*** Opening of Record extracts ***

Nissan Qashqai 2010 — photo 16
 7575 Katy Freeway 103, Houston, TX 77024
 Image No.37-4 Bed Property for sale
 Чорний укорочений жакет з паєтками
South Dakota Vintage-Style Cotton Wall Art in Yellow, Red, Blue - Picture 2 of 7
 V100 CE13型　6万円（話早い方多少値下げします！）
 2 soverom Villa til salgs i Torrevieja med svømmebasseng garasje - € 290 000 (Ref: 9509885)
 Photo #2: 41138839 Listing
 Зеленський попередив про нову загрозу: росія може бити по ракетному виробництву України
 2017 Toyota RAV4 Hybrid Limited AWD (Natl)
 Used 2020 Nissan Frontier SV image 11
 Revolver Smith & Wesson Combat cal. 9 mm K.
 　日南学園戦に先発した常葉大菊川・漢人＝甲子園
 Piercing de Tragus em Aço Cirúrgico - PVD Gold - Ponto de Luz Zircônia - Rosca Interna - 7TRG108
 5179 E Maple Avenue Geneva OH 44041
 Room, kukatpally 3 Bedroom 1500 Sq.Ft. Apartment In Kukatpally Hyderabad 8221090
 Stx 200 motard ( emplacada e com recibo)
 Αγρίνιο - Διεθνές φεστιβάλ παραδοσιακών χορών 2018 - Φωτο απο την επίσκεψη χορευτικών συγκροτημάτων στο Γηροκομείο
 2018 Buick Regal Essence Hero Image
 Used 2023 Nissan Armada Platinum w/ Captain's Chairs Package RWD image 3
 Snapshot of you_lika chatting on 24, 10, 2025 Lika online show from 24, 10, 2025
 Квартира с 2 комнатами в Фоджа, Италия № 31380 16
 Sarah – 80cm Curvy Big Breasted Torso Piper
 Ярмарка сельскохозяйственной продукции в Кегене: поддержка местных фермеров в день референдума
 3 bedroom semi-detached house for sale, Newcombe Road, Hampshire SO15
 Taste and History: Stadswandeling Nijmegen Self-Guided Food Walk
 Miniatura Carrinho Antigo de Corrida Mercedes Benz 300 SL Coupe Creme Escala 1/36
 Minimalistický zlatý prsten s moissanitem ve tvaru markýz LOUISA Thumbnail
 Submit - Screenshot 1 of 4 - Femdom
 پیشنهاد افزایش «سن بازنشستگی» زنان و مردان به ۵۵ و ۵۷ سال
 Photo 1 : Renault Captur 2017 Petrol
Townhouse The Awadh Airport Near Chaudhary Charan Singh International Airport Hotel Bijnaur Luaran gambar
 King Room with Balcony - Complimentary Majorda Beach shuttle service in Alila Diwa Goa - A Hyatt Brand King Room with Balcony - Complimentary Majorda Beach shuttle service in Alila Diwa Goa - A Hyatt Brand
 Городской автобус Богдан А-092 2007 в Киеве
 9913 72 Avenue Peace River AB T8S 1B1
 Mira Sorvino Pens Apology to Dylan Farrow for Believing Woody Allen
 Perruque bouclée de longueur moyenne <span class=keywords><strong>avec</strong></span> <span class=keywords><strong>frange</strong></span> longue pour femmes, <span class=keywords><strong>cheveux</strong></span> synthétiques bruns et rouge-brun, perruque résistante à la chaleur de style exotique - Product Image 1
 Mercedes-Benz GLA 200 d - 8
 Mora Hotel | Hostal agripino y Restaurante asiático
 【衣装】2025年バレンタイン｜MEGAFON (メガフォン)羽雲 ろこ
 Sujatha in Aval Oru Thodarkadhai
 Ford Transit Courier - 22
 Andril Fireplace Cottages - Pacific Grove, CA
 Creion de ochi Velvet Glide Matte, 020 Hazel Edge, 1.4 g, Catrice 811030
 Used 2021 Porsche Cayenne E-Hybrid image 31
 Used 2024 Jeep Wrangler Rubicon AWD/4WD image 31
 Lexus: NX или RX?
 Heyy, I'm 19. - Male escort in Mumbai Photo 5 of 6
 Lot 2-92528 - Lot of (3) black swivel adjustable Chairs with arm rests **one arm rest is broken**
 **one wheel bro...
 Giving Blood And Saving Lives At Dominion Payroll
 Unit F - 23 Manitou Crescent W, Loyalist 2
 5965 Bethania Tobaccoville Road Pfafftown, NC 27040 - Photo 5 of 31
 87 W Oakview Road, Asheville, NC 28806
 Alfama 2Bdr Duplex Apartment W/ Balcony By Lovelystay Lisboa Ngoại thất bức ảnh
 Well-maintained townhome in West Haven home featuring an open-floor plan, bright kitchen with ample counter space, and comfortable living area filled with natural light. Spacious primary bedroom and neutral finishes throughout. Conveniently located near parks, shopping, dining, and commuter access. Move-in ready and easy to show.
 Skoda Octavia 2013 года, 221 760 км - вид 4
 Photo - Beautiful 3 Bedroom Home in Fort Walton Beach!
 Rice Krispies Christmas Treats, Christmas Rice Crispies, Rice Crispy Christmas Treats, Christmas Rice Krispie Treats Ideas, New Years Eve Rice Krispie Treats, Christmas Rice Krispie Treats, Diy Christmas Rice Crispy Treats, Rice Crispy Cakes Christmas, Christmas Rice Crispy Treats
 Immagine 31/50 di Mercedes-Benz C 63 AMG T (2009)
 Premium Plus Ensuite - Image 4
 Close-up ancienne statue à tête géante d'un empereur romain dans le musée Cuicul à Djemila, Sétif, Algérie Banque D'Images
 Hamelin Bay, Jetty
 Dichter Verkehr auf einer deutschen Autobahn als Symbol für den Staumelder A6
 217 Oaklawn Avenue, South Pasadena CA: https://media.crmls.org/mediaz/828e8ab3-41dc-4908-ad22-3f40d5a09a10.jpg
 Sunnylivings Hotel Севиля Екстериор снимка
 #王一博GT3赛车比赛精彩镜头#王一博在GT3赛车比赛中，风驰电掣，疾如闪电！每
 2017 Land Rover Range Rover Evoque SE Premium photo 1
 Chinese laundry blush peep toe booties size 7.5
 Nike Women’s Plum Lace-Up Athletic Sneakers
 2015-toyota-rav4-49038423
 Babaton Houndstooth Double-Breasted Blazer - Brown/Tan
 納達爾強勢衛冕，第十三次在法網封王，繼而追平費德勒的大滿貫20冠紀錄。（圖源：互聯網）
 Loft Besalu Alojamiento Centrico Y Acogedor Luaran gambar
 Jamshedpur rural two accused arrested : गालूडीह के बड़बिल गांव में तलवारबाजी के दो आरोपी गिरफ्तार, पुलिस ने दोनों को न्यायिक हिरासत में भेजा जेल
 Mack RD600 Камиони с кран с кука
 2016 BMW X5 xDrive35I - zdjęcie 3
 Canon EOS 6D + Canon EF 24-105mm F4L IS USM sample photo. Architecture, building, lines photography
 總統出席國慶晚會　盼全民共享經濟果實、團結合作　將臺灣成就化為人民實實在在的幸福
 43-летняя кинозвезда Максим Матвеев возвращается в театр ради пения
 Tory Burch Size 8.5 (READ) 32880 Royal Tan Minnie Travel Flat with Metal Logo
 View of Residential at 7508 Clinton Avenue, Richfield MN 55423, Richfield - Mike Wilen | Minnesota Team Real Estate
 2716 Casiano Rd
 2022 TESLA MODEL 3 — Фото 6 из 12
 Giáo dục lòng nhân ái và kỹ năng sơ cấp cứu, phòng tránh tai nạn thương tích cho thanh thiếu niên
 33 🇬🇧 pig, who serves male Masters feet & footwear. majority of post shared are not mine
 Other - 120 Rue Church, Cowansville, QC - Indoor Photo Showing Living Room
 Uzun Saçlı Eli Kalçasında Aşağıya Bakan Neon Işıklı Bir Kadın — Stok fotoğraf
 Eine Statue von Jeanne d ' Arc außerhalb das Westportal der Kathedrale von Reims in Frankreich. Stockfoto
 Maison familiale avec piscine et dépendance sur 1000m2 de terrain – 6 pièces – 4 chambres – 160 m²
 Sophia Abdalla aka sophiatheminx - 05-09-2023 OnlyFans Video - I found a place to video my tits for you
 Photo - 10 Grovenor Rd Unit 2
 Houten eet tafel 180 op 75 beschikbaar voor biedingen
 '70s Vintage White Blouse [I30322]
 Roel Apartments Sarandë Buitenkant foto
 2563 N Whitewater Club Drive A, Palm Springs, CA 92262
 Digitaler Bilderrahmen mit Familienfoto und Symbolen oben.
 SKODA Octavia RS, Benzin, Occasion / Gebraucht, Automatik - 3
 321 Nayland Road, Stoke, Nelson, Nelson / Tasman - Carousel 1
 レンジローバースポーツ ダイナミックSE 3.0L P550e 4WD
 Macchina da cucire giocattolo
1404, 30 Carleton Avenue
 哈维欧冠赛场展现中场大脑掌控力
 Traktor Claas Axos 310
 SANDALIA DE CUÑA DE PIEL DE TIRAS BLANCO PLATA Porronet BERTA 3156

*** Close of Record extracts ***

**The task:**
Look back at the data above. Transcribe exactly the lines starting at the line that contains "Townhouse The Awadh" and ending at the line that contains "Mira Sorvino Pens".

**Answer to the exercise:**
Townhouse The Awadh Airport Near Chaudhary Charan Singh International Airport Hotel Bijnaur Luaran gambar
 King Room with Balcony - Complimentary Majorda Beach shuttle service in Alila Diwa Goa - A Hyatt Brand King Room with Balcony - Complimentary Majorda Beach shuttle service in Alila Diwa Goa - A Hyatt Brand
 Городской автобус Богдан А-092 2007 в Киеве
 9913 72 Avenue Peace River AB T8S 1B1
 Mira Sorvino Pens Apology to Dylan Farrow for Believing Woody Allen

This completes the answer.